Take your friend on a walk with you. A little conversation can go a long way. Start walking and chatting with a friend and you could easily pass the time walking a few miles! Relax and have fun.
Change it up! Working out on the same exercise machines can be excruciatingly boring. Try a new sport, hike a new trail, bicycle a new road.
Incorporate a more active lifestyle into your daily routing by taking extra stairs, or walking to the store. You’d be surprised how many everyday activities are calorie burners!
Here are important types of exercises that should be incorporated into your lives:
Aerobic exercise (30 minutes each day – brisk walking, dancing, running are good forms of aerobic exercise)
Weight-bearing (strength-training) exercise – 3 times per week on alternate days for 30 minutes (working with weights will build muscles and helps delay or prevent bone loss. It also will facilitate weight loss)

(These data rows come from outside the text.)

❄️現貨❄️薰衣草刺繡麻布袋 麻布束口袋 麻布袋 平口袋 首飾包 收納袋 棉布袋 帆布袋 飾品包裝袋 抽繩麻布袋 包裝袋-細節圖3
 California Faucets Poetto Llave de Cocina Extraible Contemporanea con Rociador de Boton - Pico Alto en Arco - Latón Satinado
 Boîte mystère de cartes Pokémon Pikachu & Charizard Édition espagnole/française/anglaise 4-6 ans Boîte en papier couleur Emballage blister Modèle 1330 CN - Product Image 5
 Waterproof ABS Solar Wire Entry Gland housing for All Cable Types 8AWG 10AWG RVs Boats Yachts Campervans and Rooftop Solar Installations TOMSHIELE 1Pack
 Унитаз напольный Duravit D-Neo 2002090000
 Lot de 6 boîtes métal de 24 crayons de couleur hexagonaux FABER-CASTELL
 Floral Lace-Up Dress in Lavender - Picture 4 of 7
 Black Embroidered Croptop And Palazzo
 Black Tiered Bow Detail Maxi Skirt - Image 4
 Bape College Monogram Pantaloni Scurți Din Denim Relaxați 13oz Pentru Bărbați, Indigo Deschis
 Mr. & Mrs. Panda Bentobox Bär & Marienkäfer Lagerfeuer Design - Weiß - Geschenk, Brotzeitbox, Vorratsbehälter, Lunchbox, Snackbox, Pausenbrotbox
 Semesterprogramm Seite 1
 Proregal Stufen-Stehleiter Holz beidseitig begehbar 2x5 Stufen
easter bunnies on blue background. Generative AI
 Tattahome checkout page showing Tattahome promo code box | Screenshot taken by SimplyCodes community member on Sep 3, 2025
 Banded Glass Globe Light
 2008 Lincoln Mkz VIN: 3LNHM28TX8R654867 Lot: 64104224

Flexibility (yoga, pilates and stretching – can increase flexibility and balance helping decrease the risk of falls)
Remember, before embarking on an exercise program; speak to your healthcare provider. Start slowly, progress gradually and set realistic fitness goals. Consider signing up for an exercise class with a friend. This may help to encourage you to continue exercising. Try a variety of workouts to keep you motivated. Choose an exercise plan that fits your lifestyle that’s good for you. And, remember, exercise should be an important part of your daily life.